Je reste immobile, essayant de savoir quoi dire. Je suis soulagée qu'elle le prenne comme ça. Et puis ça peut arriver à n'importe quelle fille de trouver une amie belle et de se laisser aller deux secondes. Ça ne veut rien dire je suis d'accord. Mieux vaut tout oublier tout de suite. La fatigue, le stress, l'ambiance, autant de facteurs qui m'ont fait perdre les pédales mais maintenant que cet incident est passé ça va aller mieux. Je pensais avoir des sentiments pour elle parce que je me retrouve seule, ici, avec une application qui tente de me prouver que je suis lesbienne. A la limite je peux peut-être être bisexuelle, mais avec une préférence pour les garçons. Mais est-ce que je partirais en courant si c'est une fille ? Non. Surement pas. Je ne suis pas normale. Je suis incapable d'aimer comme tout le monde. Dans tout ce tourbillon de contradiction, l'idée de ne pas recommencer à embrasser Laurène me semble quand même assez triste et même mon cœur à du mal à s'y faire.

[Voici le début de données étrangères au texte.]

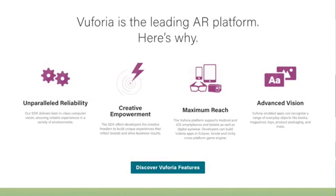Hey everyone, today we're going to look at installing and setting up your first Vuforia project with Unity. So let's get started.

Et si je n'étais pas lesbienne mais que je l'aimais quand même ? Ça ne veut pas dire que je suis comme elles.

Ma nouvelle vie commence maintenant et je ne vais pas rater le début en restant passive. Si je dois faire quelque chose pour vivre, bien ou mal, je le ferais. Alors je prends la main de Laurène dans la mienne et le contact de sa peau ne fait qu'accroitre mon sentiment d'une nouvelle naissance. Je ne laisse pas son regard s'échapper du miens et j'approche mes lèvres des siennes. Parce que c'est bien d'être la faille du système.

‒ Je préfère faire parti des autres personnes, du mauvais camp, plutôt que de passer à côté de ma vie. Il n'y aurait rien de plus ridicule que ça, je chuchote à son oreille.

Elle mordille sa lèvre inférieure mais ne semble pas prête pour un second baiser. Alors je m'adosse au mur et elle passe son bras autour de mes épaules, comme si on était de vielles amies. Je sens mon pouls dans le creux de ma paume et j'attends sa réponse. Qui n'arrive pas. Alors je me raidis encore une fois.